BEGIN

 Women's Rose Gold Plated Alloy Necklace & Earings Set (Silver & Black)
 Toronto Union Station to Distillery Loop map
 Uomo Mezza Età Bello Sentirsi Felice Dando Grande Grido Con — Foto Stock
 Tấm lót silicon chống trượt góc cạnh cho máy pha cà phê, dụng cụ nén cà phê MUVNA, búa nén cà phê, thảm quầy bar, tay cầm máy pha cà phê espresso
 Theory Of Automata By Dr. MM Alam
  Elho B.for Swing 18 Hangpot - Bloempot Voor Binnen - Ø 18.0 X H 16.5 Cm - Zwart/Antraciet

END
BEGIN

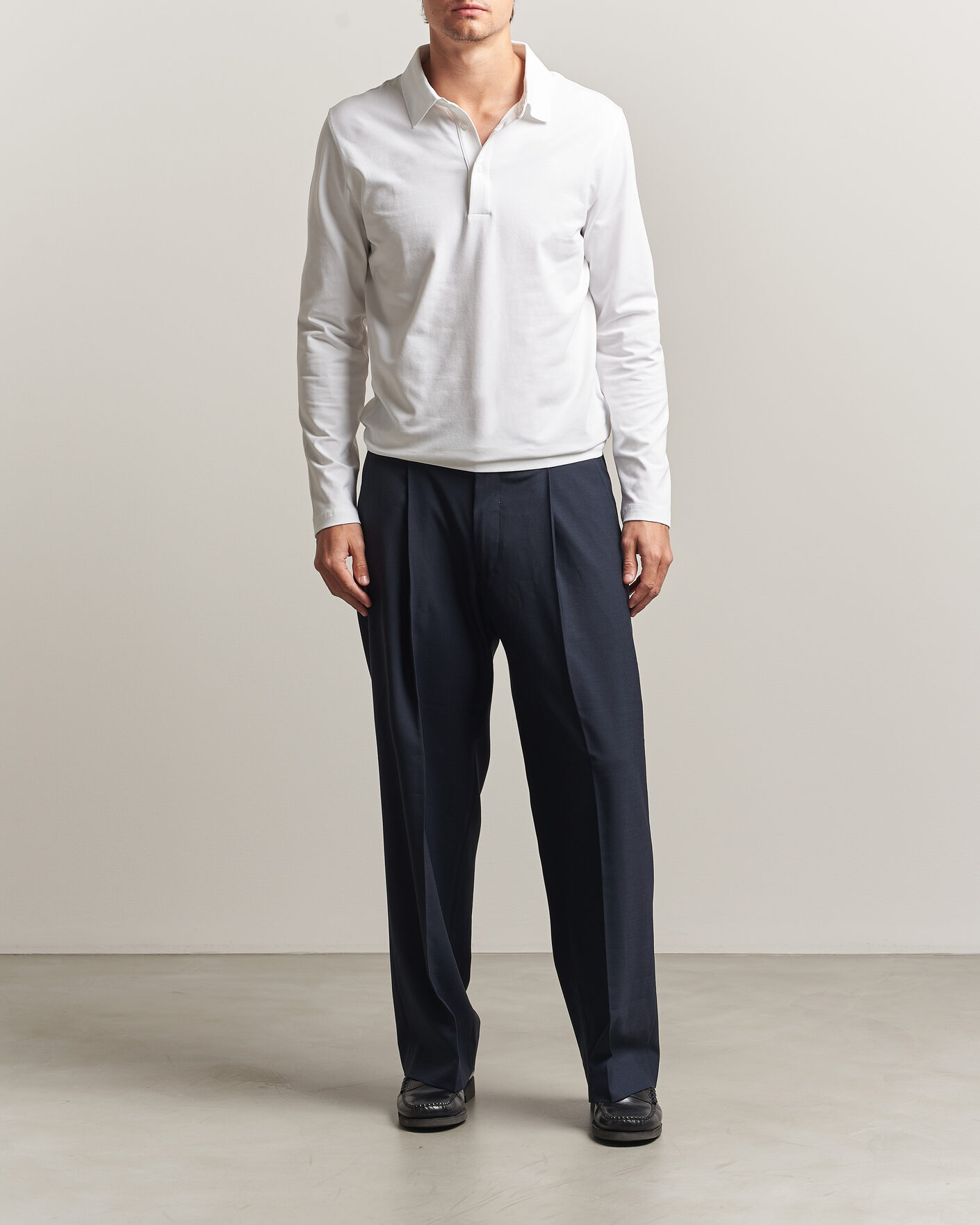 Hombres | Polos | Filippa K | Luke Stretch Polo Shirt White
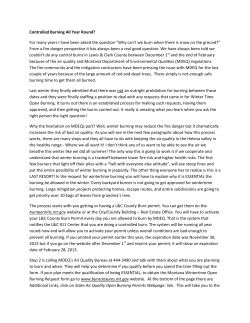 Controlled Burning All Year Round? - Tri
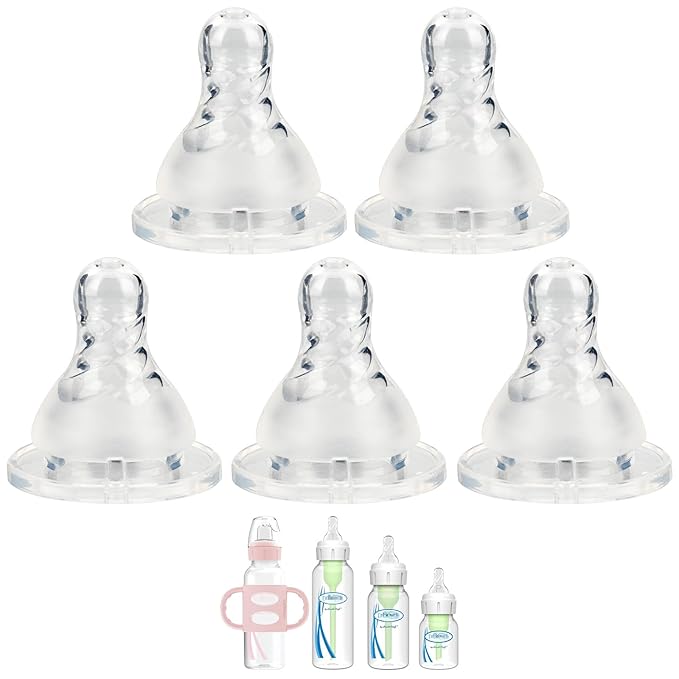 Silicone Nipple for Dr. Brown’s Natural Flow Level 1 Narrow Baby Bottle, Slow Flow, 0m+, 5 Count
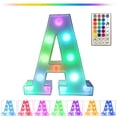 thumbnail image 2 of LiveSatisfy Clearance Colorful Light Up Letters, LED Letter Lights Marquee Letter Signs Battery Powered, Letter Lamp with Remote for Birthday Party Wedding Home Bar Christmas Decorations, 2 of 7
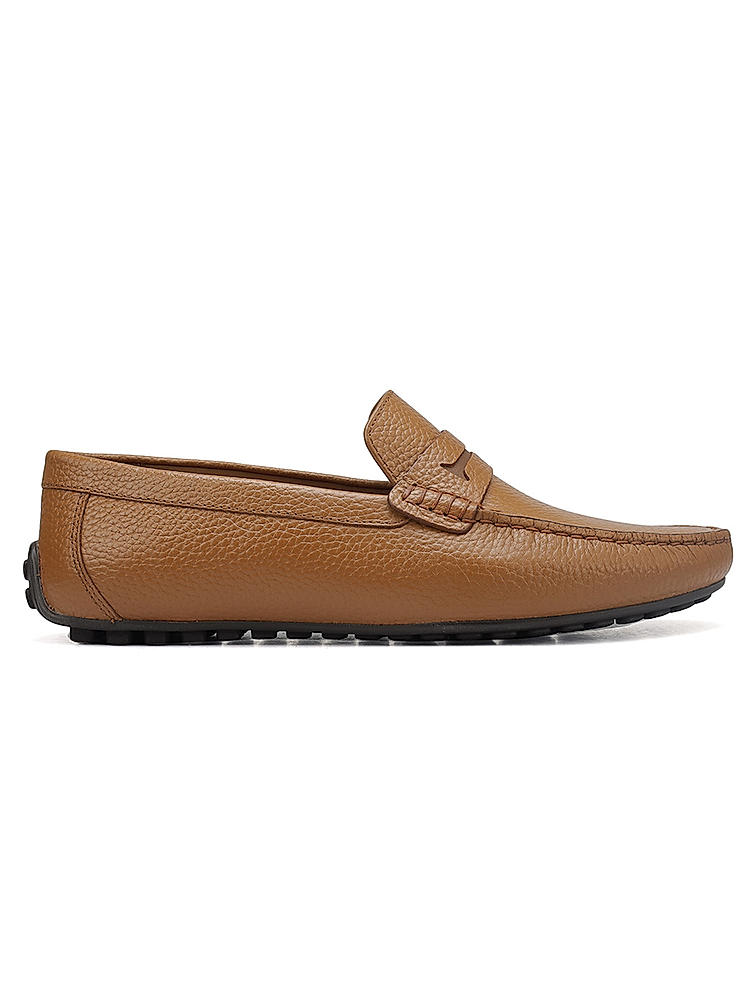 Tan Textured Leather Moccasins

END

Task prompt
Leave out every picture, and copy exactly the lines above starting at the one holding "thumbnail image 2" and ending at the one holding "Tan Textured Leather Moccasins", no more and no less.

Task result
 thumbnail image 2 of LiveSatisfy Clearance Colorful Light Up Letters, LED Letter Lights Marquee Letter Signs Battery Powered, Letter Lamp with Remote for Birthday Party Wedding Home Bar Christmas Decorations, 2 of 7
 Tan Textured Leather Moccasins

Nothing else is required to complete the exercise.